## TASK DESCRIPTION
Both the line with "Синій ВАЗ 2106, об'ємом" and the line with "TS Cấn Văn Lực" in the records below must appear in the output, along with every line between them, exactly and with nothing added.

## DATASET RECORDS
"""

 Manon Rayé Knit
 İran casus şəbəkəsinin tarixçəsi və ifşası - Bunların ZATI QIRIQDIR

"""
"""

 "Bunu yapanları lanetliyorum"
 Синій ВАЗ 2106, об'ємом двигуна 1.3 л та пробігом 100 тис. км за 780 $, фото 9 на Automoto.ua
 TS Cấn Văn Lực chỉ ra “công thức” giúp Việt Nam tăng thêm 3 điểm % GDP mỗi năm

"""

## REPLY
 Синій ВАЗ 2106, об'ємом двигуна 1.3 л та пробігом 100 тис. км за 780 $, фото 9 на Automoto.ua
 TS Cấn Văn Lực chỉ ra “công thức” giúp Việt Nam tăng thêm 3 điểm % GDP mỗi năm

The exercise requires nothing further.